▶ [INSTRUCTIONS FOR THE TASK]:
Exactly the lines below from the one with "VICTORIA'S SECRET LEOPARD" up to and including the one with "Как казахстанцы могут" make up the answer, with nothing else added.
────────────────────
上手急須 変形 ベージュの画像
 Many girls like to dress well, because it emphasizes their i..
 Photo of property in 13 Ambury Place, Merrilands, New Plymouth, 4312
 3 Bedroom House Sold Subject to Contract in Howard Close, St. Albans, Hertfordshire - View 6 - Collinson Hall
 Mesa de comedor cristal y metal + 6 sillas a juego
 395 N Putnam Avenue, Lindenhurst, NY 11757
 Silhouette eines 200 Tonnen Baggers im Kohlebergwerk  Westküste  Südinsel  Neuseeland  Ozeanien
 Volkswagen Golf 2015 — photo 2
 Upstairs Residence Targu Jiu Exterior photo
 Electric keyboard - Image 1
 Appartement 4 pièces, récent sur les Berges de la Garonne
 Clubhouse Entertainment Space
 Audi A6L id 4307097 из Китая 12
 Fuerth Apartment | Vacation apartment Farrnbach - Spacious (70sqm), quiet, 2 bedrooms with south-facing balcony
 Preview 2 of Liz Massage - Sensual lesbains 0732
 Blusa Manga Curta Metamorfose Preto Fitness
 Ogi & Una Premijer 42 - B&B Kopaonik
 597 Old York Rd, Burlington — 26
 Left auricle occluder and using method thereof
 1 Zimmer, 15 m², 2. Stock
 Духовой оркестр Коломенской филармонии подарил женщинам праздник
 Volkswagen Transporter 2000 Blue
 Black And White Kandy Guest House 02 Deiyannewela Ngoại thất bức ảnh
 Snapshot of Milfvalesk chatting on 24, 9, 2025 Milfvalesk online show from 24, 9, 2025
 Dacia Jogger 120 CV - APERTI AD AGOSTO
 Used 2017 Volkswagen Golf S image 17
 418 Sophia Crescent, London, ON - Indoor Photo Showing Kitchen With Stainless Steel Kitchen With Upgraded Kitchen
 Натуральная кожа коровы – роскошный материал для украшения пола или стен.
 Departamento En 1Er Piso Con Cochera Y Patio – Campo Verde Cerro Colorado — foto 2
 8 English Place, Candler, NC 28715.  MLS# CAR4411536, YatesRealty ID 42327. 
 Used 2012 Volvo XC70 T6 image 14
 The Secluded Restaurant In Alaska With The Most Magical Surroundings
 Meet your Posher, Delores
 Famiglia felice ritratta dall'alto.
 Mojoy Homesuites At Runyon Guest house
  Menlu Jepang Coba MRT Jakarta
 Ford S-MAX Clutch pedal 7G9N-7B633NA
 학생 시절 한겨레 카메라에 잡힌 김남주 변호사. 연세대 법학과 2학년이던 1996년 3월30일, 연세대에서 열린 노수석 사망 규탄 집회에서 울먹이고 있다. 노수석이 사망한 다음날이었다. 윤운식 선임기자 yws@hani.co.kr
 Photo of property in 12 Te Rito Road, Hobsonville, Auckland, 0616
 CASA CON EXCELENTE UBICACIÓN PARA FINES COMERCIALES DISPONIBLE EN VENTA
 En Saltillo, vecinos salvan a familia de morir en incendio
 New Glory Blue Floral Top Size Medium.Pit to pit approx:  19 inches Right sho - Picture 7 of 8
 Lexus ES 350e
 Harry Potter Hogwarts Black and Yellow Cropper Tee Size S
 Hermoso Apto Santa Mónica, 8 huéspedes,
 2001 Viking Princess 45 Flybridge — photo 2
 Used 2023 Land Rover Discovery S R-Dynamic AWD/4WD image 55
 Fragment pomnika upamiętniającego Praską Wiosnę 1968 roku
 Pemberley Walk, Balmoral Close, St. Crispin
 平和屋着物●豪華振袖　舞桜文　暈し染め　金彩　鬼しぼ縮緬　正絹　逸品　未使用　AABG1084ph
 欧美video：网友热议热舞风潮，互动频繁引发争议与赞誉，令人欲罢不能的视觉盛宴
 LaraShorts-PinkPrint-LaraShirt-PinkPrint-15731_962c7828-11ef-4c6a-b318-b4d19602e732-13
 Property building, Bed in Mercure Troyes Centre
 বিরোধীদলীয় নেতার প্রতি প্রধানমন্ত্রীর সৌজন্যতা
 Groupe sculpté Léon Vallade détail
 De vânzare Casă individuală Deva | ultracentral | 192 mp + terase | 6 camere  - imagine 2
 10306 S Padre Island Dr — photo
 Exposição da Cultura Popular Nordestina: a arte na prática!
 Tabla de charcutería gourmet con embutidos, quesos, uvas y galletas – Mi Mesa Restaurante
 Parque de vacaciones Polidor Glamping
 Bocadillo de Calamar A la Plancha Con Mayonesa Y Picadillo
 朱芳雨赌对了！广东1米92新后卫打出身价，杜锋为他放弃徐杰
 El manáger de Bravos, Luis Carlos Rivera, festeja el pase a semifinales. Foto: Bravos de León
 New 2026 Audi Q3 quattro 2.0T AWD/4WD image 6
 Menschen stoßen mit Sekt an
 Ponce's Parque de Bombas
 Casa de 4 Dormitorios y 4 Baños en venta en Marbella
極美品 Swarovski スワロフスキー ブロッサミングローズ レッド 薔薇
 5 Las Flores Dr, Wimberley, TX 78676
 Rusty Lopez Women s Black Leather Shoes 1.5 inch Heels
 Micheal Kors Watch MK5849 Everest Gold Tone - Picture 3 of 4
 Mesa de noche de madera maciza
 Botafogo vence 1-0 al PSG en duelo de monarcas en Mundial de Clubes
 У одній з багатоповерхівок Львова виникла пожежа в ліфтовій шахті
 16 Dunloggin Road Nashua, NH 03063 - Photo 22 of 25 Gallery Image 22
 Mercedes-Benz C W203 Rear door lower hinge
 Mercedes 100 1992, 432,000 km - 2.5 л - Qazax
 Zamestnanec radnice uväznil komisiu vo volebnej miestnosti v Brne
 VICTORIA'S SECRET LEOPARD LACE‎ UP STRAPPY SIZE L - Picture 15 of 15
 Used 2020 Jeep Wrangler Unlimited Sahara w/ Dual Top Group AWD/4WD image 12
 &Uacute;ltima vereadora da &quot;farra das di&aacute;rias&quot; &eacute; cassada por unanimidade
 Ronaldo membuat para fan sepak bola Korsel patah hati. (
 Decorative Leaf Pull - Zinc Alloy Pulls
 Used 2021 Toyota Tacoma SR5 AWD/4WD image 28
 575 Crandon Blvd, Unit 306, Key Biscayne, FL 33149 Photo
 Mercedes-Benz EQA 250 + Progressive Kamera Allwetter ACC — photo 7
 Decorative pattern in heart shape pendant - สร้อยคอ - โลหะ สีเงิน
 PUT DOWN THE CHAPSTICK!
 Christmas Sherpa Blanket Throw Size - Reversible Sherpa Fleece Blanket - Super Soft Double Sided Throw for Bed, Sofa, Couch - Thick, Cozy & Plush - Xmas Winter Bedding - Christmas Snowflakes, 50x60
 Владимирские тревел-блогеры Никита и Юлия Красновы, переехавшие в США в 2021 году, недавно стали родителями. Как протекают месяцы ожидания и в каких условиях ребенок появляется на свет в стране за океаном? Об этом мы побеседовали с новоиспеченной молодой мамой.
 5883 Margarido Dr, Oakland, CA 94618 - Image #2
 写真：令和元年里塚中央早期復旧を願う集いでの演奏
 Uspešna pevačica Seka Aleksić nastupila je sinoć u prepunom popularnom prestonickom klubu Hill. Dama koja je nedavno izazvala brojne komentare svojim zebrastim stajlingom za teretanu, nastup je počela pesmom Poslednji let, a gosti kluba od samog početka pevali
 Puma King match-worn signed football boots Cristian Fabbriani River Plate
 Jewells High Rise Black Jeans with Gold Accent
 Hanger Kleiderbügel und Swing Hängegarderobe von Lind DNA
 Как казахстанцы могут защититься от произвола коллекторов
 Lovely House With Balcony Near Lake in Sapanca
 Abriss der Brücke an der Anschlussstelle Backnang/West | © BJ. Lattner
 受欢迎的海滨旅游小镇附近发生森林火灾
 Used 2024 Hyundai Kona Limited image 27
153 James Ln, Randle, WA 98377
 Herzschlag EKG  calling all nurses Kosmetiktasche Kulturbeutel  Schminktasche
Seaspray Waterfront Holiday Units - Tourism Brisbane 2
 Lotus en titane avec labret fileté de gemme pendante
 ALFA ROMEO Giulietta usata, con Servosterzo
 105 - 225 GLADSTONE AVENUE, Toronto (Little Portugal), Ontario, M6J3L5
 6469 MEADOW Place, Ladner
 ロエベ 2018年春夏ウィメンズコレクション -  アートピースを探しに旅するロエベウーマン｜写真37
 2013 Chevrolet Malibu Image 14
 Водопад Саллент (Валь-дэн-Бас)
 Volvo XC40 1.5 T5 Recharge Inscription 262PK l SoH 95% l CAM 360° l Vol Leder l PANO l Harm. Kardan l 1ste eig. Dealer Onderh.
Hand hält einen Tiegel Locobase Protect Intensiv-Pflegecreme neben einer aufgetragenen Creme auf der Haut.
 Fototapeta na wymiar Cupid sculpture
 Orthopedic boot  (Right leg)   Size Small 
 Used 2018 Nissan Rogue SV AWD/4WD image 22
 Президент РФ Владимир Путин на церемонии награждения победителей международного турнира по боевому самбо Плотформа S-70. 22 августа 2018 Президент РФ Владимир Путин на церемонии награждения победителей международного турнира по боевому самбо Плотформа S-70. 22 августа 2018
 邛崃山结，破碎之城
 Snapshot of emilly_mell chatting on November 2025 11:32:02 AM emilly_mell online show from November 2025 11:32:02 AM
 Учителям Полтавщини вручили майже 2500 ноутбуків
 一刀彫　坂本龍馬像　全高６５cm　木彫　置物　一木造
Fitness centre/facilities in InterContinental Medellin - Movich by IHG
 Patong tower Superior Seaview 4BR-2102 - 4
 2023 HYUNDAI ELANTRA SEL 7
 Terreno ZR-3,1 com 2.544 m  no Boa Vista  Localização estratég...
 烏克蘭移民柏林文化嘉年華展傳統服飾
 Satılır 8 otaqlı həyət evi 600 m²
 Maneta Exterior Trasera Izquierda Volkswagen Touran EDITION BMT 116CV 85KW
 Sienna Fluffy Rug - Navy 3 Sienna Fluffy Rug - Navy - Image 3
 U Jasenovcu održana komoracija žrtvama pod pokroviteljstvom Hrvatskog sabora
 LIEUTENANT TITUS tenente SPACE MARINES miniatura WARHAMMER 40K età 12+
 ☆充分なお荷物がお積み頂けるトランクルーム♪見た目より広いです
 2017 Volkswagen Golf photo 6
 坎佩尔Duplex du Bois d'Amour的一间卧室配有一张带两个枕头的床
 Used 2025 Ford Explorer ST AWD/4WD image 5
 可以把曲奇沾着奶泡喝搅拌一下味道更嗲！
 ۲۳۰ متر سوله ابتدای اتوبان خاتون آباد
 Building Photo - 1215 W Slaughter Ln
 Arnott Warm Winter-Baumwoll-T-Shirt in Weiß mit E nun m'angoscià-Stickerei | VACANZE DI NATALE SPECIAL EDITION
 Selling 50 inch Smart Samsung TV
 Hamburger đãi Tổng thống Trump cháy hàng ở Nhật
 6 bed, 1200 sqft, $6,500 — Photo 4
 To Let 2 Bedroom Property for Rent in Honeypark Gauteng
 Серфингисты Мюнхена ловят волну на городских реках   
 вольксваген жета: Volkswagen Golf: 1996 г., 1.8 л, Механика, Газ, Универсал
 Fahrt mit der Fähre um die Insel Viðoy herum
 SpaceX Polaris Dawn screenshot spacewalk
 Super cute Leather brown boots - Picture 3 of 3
────────────────────
▶ [COMPLETED EXERCISE]:
 VICTORIA'S SECRET LEOPARD LACE‎ UP STRAPPY SIZE L - Picture 15 of 15
 Used 2020 Jeep Wrangler Unlimited Sahara w/ Dual Top Group AWD/4WD image 12
 &Uacute;ltima vereadora da &quot;farra das di&aacute;rias&quot; &eacute; cassada por unanimidade
 Ronaldo membuat para fan sepak bola Korsel patah hati. (
 Decorative Leaf Pull - Zinc Alloy Pulls
 Used 2021 Toyota Tacoma SR5 AWD/4WD image 28
 575 Crandon Blvd, Unit 306, Key Biscayne, FL 33149 Photo
 Mercedes-Benz EQA 250 + Progressive Kamera Allwetter ACC — photo 7
 Decorative pattern in heart shape pendant - สร้อยคอ - โลหะ สีเงิน
 PUT DOWN THE CHAPSTICK!
 Christmas Sherpa Blanket Throw Size - Reversible Sherpa Fleece Blanket - Super Soft Double Sided Throw for Bed, Sofa, Couch - Thick, Cozy & Plush - Xmas Winter Bedding - Christmas Snowflakes, 50x60
 Владимирские тревел-блогеры Никита и Юлия Красновы, переехавшие в США в 2021 году, недавно стали родителями. Как протекают месяцы ожидания и в каких условиях ребенок появляется на свет в стране за океаном? Об этом мы побеседовали с новоиспеченной молодой мамой.
 5883 Margarido Dr, Oakland, CA 94618 - Image #2
 写真：令和元年里塚中央早期復旧を願う集いでの演奏
 Uspešna pevačica Seka Aleksić nastupila je sinoć u prepunom popularnom prestonickom klubu Hill. Dama koja je nedavno izazvala brojne komentare svojim zebrastim stajlingom za teretanu, nastup je počela pesmom Poslednji let, a gosti kluba od samog početka pevali
 Puma King match-worn signed football boots Cristian Fabbriani River Plate
 Jewells High Rise Black Jeans with Gold Accent
 Hanger Kleiderbügel und Swing Hängegarderobe von Lind DNA
 Как казахстанцы могут защититься от произвола коллекторов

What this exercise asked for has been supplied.